Na sessão da manhã desta sexta, os ministros André Mendonça, Kassio Nunes Marques, Alexandre de Moraes, Luís Roberto Barroso e Edson Fachin acompanharam o voto do relator. O último, no entanto, propôs que o Supremo desse um passo além na discussão sobre a inconstitucionalidade da “legítima defesa da honra”. É exatamente essa questão que será discutida na retomada dos trabalhos do STF, em agosto.
Destacando a quão “esdrúxula e malfadada” é a tese de “legítima defesa da honra”, o ministro Edson Fachin propôs que o Supremo estabeleça a possibilidade de Tribunais de Justiça admitirem recursos contra decisões de júris de femincídio sob o argumento de provas contrárias aos autos. A ideia é o Supremo entenda que a anulação de julgamentos em que foi evocada a “legítima defesa da honra” é válida e compatível com a soberania dos veredictos do tribunal do júri. Assim, os tribunais poderão determinar novos julgamentos em casos em que a tese foi usada no júri.

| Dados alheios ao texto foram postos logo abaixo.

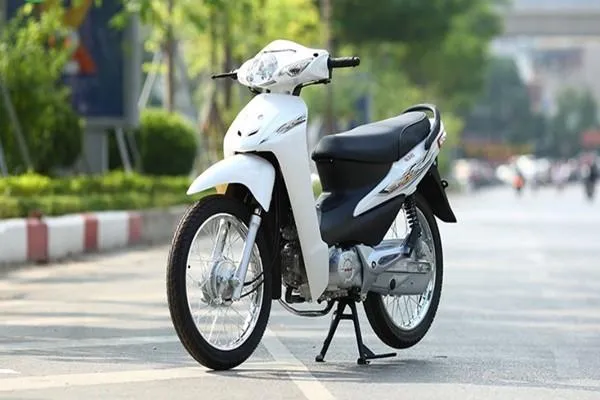 Học sinh nữ đang điều khiển xe Wave 50cc màu đỏ trong khu vực trường học, thể hiện sự nhỏ gọn và tính an toàn của phương tiện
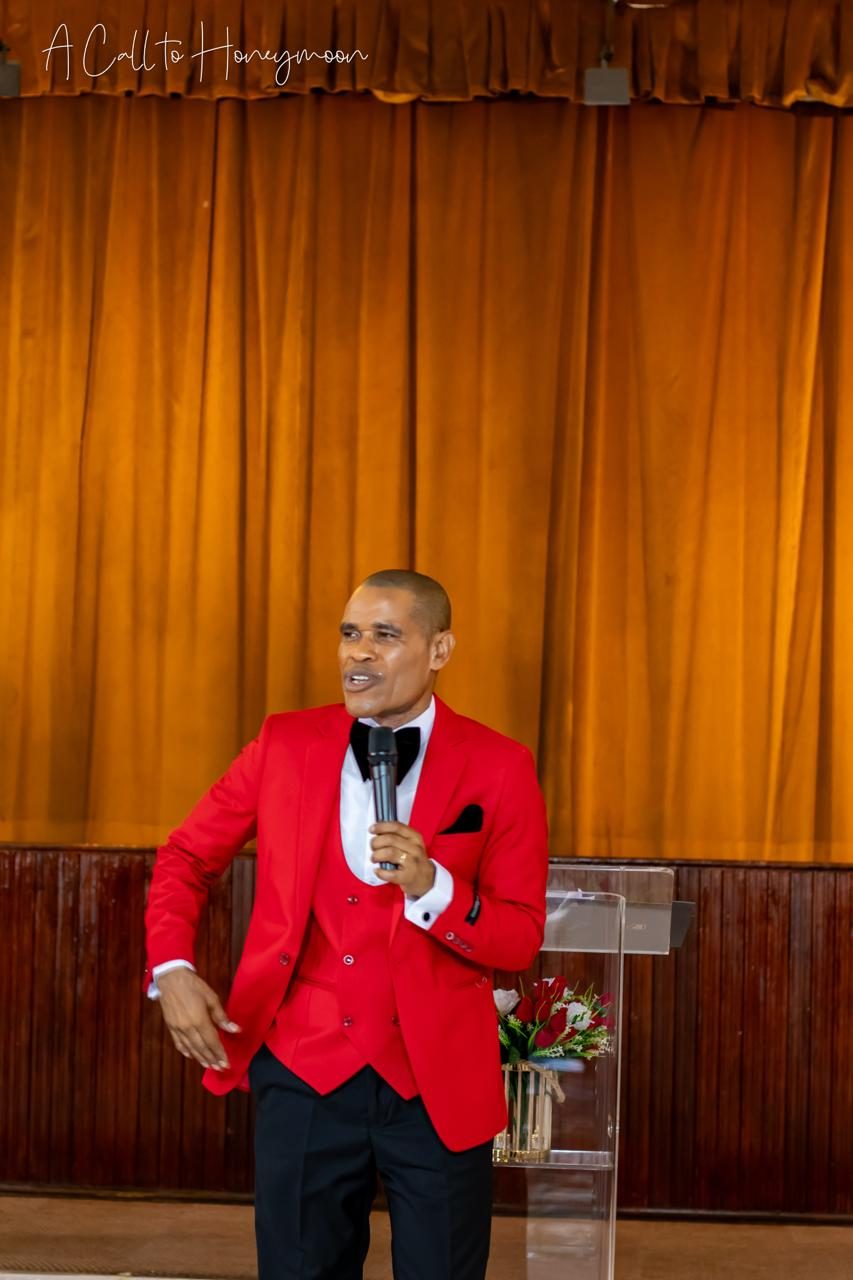 Pastor Phatudi Molapo teaching in a red suit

“Não há como, não seria admissível fechar os olhos para aquilo que se verte como tragédia. Feminicídio é uma chaga de uma sociedade injusta, desigual e ainda discriminatória. O julgamento de hoje é mais um voto que se soma, uma declaração do judiciário nessa direção”, ressaltou Fachin.
Segurança jurídica
A sessão de julgamento desta sexta foi marcada por posicionamentos dos ministros sobre a necessidade de se enterrar de uma vez a tese de “legítima defesa da honra”. O ministro Alexandre de Moraes, por exemplo, frisou como um posicionamento do Plenário sobre o tema confere “segurança jurídica” sobre a tese “que poderia ser resumida com expressão lavar honra com sangue”. “O que fizermos aqui deve ser aplicado a todos os casos de agressões às mulheres onde se invoca a tese”, ressaltou.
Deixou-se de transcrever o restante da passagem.